### Collected material
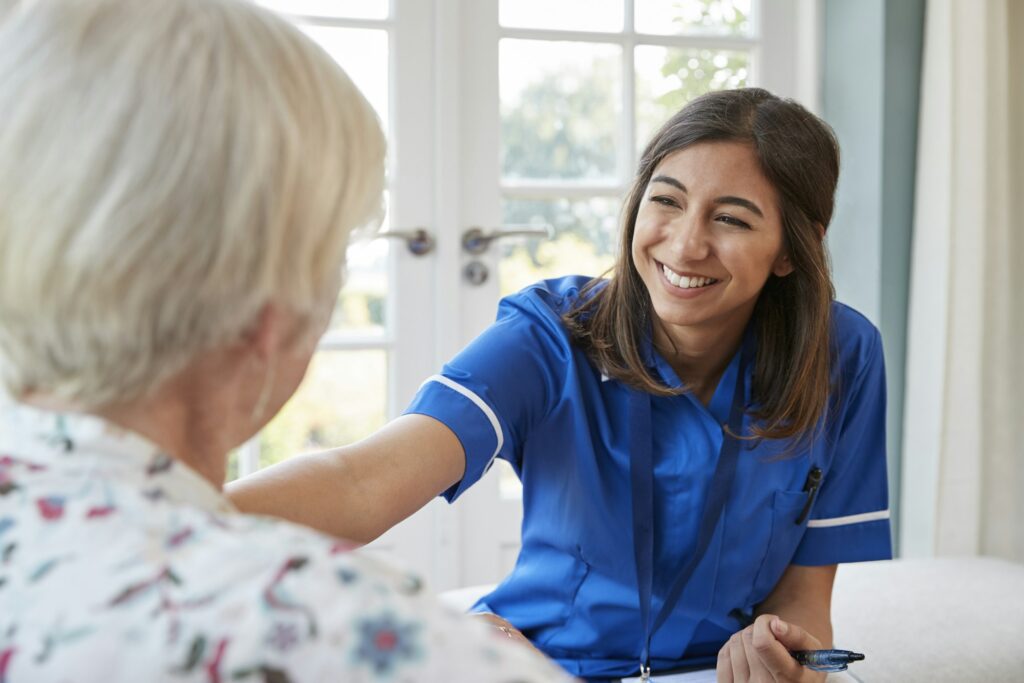 Young care nurse on home visit comforting senior woman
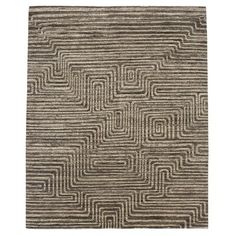 an area rug with black and white lines on the ground, in front of a white background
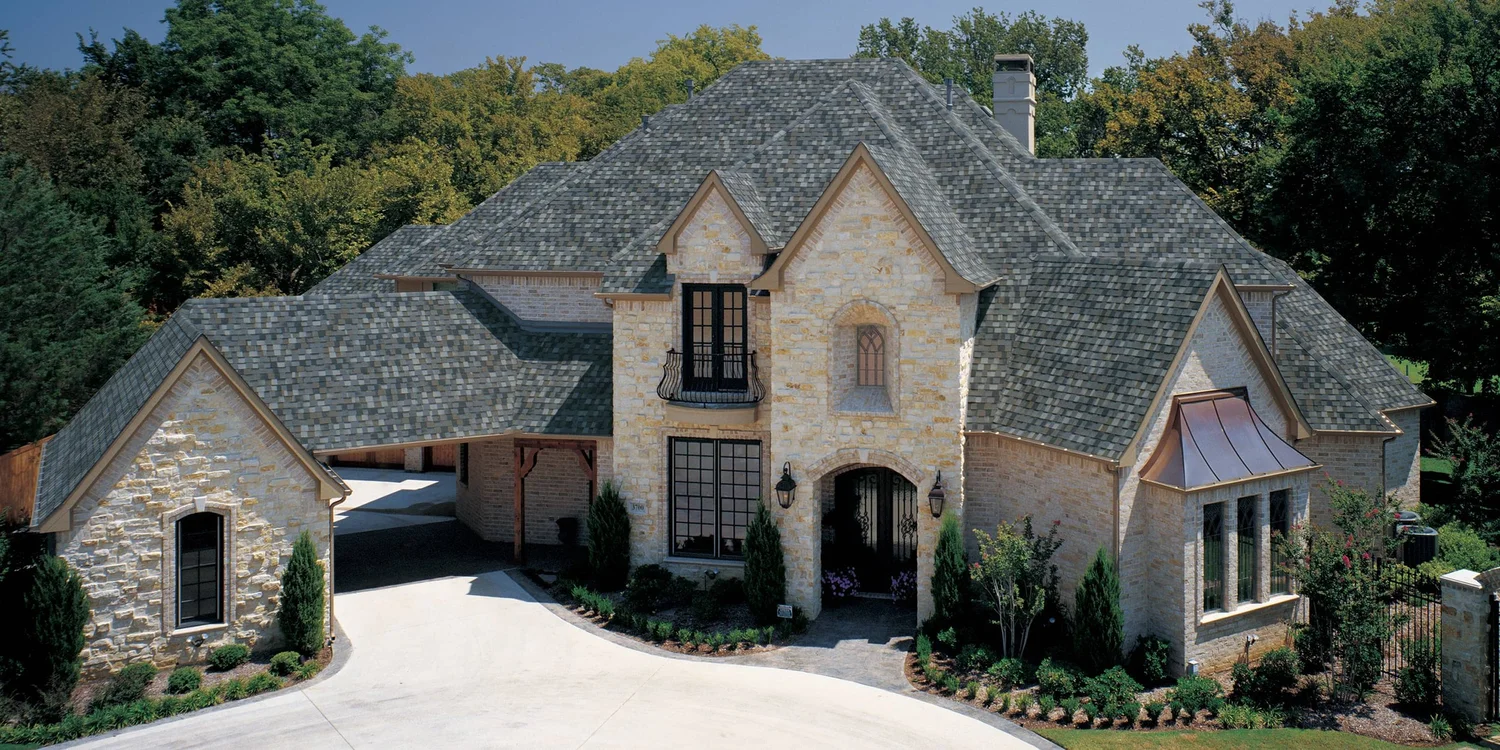 TAMKO StormFighter FLEX Thunderstorm Grey shingle roof installed on a home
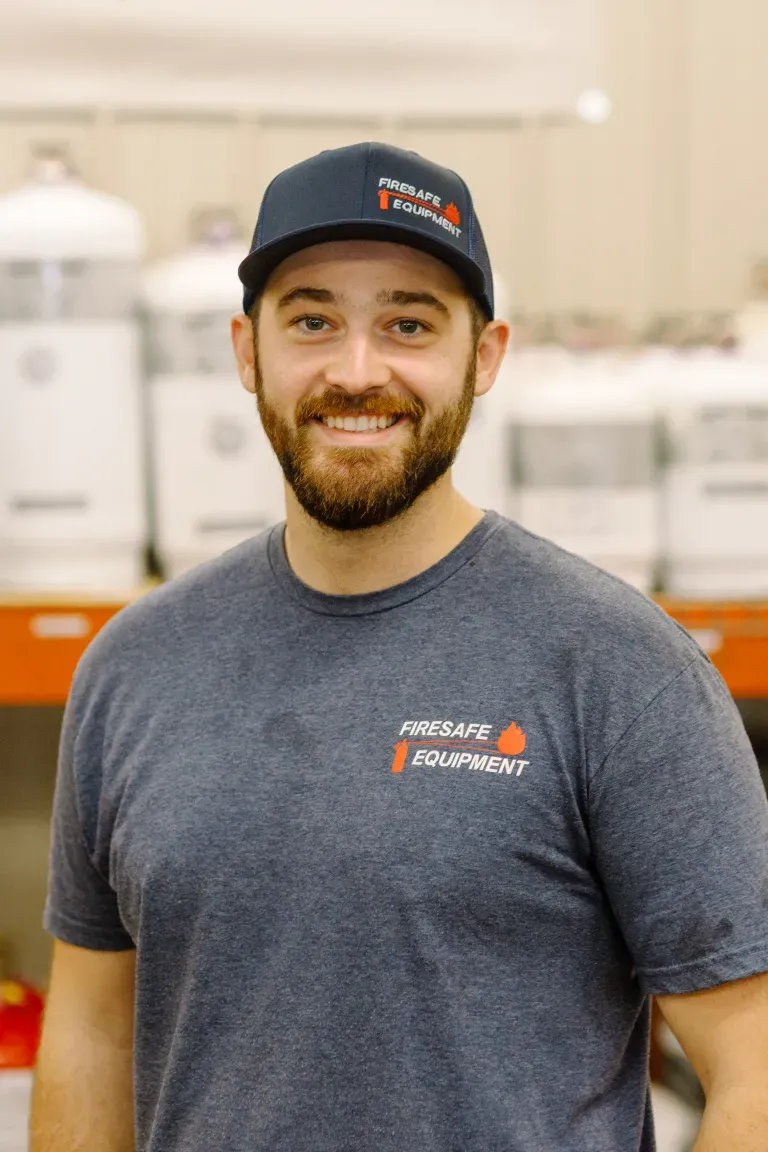 A man with a beard is wearing a hat and a t-shirt.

### What is needed
In your copy of the material, every word must match and no image should appear.

### Output for this exercise
 Young care nurse on home visit comforting senior woman
 an area rug with black and white lines on the ground, in front of a white background
 TAMKO StormFighter FLEX Thunderstorm Grey shingle roof installed on a home
 A man with a beard is wearing a hat and a t-shirt.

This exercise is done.